試合レポート

高岡商vs石見智翠館

2019.08.06

今大会初の延長戦は高岡商も、石見智翠館も逸材が揃う!

高岡商vs石見智翠館 | 高校野球ドットコム
この試合のヒーロー・森田 朝陽(高岡商)

 

 3年連続出場の高岡商が延長10回の末、勝ち越しに成功見事に初戦突破を果たした。今回はどちらも好選手が多く、見ごたえのある試合だった。

 まず決勝打を放ち、ヒーローとなった高岡商の1番森田朝陽。第1打席に俊足を生かし、内野安打を成功させた、さらに第2打席はレフトポール際へ2ランホームラン。レベルスイングで無駄のないスイングができていた。そして延長10回表には低めに入ったボールを振りぬき、適時三塁打。下半身主導のスイングができる選手。走塁、守備のレベルも高く、楽しみなアスリート型外野手だ。

 そして2番井林泰雅(3年)も3打数2安打3四球の活躍。昨年の甲子園でも本塁打を放ち、高い打撃技術を誇る井林はスイングの鋭さ、パワーともに別格。
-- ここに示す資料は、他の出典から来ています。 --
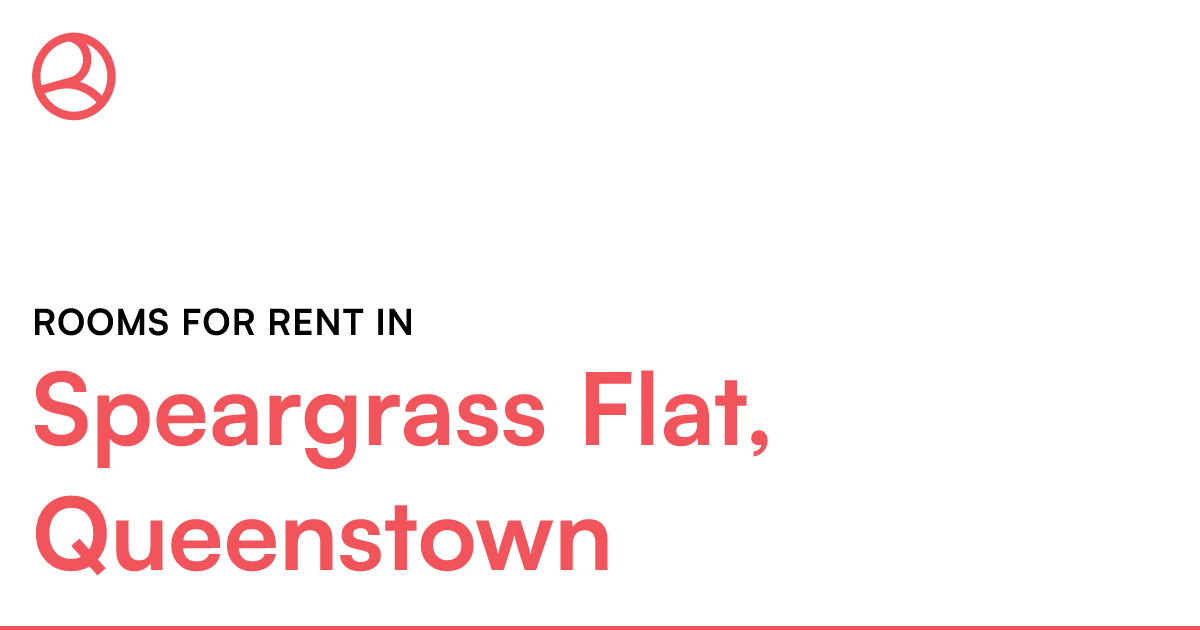 Speargrass Flat, Queenstown Rooms for Rent Roomies.co.nz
高校通算18本塁打を放っており、2番打者でもやるべきことは変わらない。

 また、4番・堀裕貴(3年)は投打ともに楽しみな選手だ。チーム一のスラッガーで、高校通算23本塁打を放っている。しかしこの試合は勝負を避けられ、5打席立って、4四球と勝負を避けられた。その分、投手として貢献。2年秋から投手を始めた。投手としては140キロを超える速球を投げ込むことができる。

  9回裏、一死一、二塁の場面で登板し、130キロ後半の速球、切れのあるスライダーを投げ分け、その後、ピンチを切り抜けた。
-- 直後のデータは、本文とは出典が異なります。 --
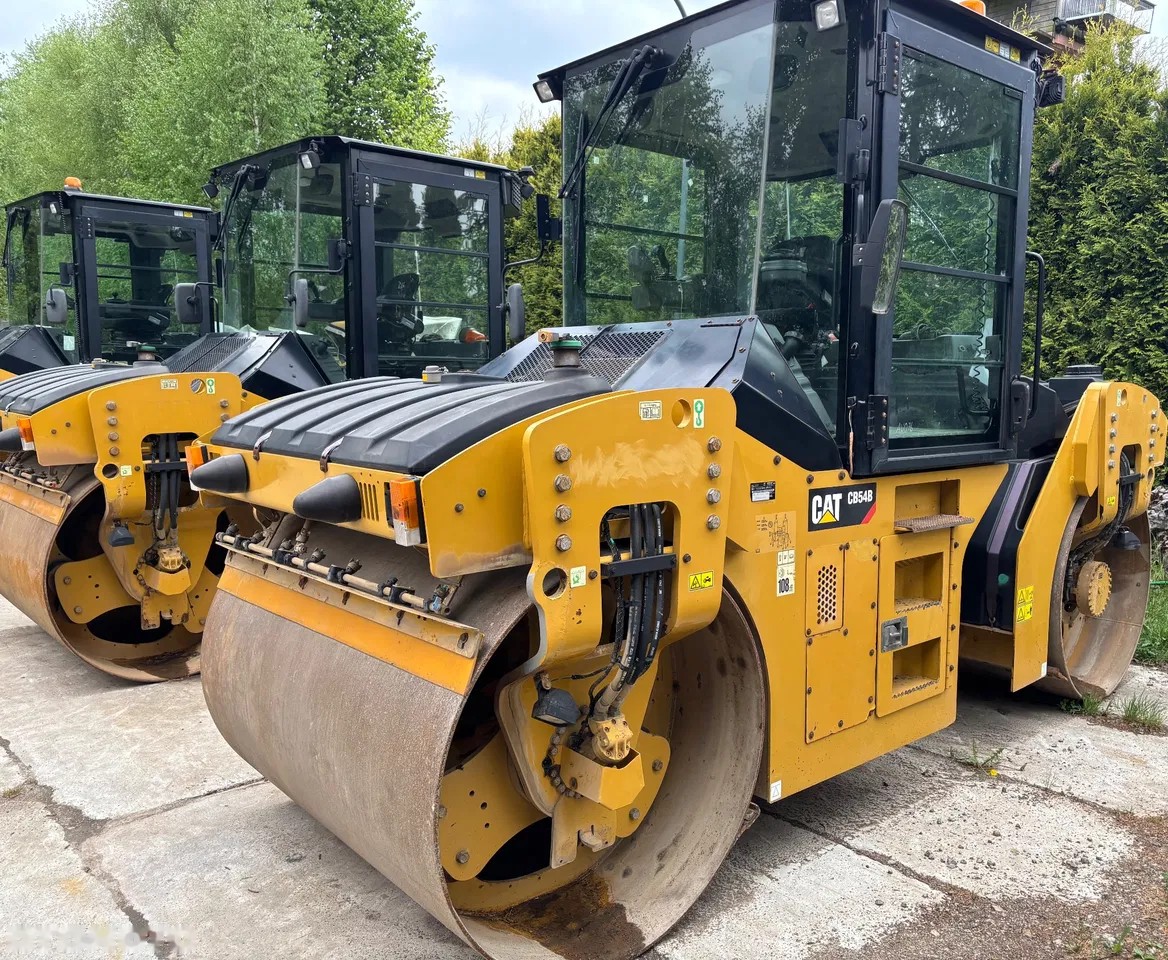 2016 Caterpillar, 5.000 mth, Import Auf Lager in der EU — Foto 8 z 23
 ただどちらかというと打撃のほうが好きだという堀。チーム一の飛距離を2回戦の神村学園戦でも発揮したい。

 また1年生ながらショートのスタメンを獲得した石黒和弥はスピーディな動きが光る守備に加え、リストの強さが光る鋭いスイングから強烈な打球を飛ばす。富山・高陵中では軟式出身だった。大きな実績もあるわけではないが、高校に入学して急速に伸びた選手だ。

 安定感ある守備は大会前の強化合宿で行われた162球ノーエラーノックが生きている。162球の意味合いを説明すると、高岡商は夏、ノーシードからのスタートが決まっていたので、6試合を行うことを想定すると、162個のアウトを取らなければ優勝はない。それまでミスなくやることで守備力も、精神力も強くなる狙いだった。石黒自身、100球を超えてのミスもあり、非常に悔しい思いをしたようだが、その結果、「自信もつきましたし、甲子園でも普段通りにできました」と笑う。先輩とのやり取りを見ても、非常に堂々としている。そのメンタルの強さは生まれつきかもしれない。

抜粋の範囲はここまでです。